Religião (OC)
(Deverá “clicar” nas referências
bíblicas, para ter acesso aos textos)
Fala-se muito em religião. Uns são religiosos, outros não. Há
muitas religiões.
Há quem discuta sobre qual delas é a verdadeira, ou a melhor. Há
quem diga que é a cristã.
Mas Jesus, o Cristo, não falou em religião, nem se assumiu como
religioso. Ele dedicou-se a anunciar a Boa Nova do Reino de Deus, a aliviar os
enfermos, os cansados e os oprimidos, ensinou o amor, a paz, a tolerância, a
compaixão, condenou a hipocrisia e o legalismo...
Ele convidou: Vinde a mim! e recomendou:
Permaneçam em mim! Permanecer é uma palavra que Ele repetiu muitas vezes, como
por exemplo na alegoria da videira e das vides João 15:1/17 em
que esse termo (no original menw) é mencionado onze
vezes.
Por isso, talvez que, para alguém se assumir como cristão, o mais
importante seja, justamente, estar e ficar (permanecer) em Jesus.
Requerer-se-ia, pois,
uma ligação e um relacionamento estável com o Filho de Deus. Ou
seja, ficar n’Ele mude o que mudar, suceda o que suceder, pois conservar-se em
Jesus é manter-se implantado n’Ele, como a vide na videira.
Para muitos protestantes, o apóstolo Paulo é quase um ídolo. E uma
espécie de ídolos são Pedro e Maria para outros cristãos. Há quem venere os
santos do Antigo Testamento, como Abraão, Moisés, David e outros. Será correcto
centrar a fé cristã noutra pessoa que não em Jesus?

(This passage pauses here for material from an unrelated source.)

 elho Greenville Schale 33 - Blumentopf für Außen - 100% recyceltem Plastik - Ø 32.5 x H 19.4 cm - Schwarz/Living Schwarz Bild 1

Quem é a Palavra de Deus (logos) senão o Cristo? Deus falou-nos a
nós pelo Filho. Foi Ele quem disse: Se permanecerdes em mim e as minhas
palavras permanecerem em vós, pedi o que quiserdes... João 15:7
Permanecer n’Ele é muito mais importante do que permanecer numa
igreja, numa confissão de fé, numa constituição, credo, regulamento ou
tradição.
Em Jesus... e na Bíblia! - replicará
alguém. Mas a Bíblia não é o próprio Cristo? E as Escrituras não devem ser
lidas à luz dos Seus ensinos e da Sua prática? Só tem vínculo
normativo aquilo que nas Escrituras estiver de acordo
com o Verbo, a Palavra viva. Pergunto: Não será tempo de aceitarmos e
aclamarmos o Cristo como Rei absoluto, e o Seu Evangelho como a única norma de
doutrina e de comportamento?
Certa vez, os apóstolos testemunharam d’Ele com uma simples
pergunta: Para quem iremos nós? Tu ( só tu ) tens as
palavras da Vida Eterna... João 6:68
É claro que a Igreja tem o seu valor, como corpo do Cristo e
comunhão dos que estão n’Ele. Mas permanecer no Cristo não depende de
permanecer numa igreja ou comunidade cristã. Em certos casos nem compatível é.

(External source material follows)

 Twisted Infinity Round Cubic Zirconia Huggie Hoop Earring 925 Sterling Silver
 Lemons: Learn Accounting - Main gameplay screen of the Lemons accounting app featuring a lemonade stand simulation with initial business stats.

A vida do cristão centra-se no Filho de Deus e não numa
igreja-comunidade, e menos ainda numa igreja-edifício (casa ou local de
reunião).
Tem-se sacralizado os chamados “templos” ou “casas de oração”. E
quando esses espaços deixam de ser meios úteis para o encontro fraterno e
cultual, e passam a ocupar o centro da vida dos que neles se reúnem? E quando a
vida cristã se reduz às “obrigações” dominicais de culto e catequese (Escola
Dominical)? E quando os “templos” funcionam como clubes ou centros de convívio
e de lazer? Em certos casos até de má língua, e de
alienação dos problemas reais do mundo em que vivemos e da nossa missão de
solidariedade activa.
Templos? Mas o “Templo” não é uma noção/construção
veterotestamentária, ou seja do Velho Pacto? Porventura houve templos nos
primeiros séculos do cristianismo?
Sabe-se que as comunidades cristãs se reuniam em casas de
habitação, ao ar livre e até nos cemitérios subterrâneos, em tempos de
perseguição.
Templos somos nós. Jesus falou do Seu corpo como templo. Paulo
referiu-se ao nosso corpo como templo do Espírito Santo. Precisamos de
exercitar o processo de entrar, cada um de nós, no fundo de si mesmo, para aí,
nesse templo vivo, adorar ao Senhor em espírito e em verdade.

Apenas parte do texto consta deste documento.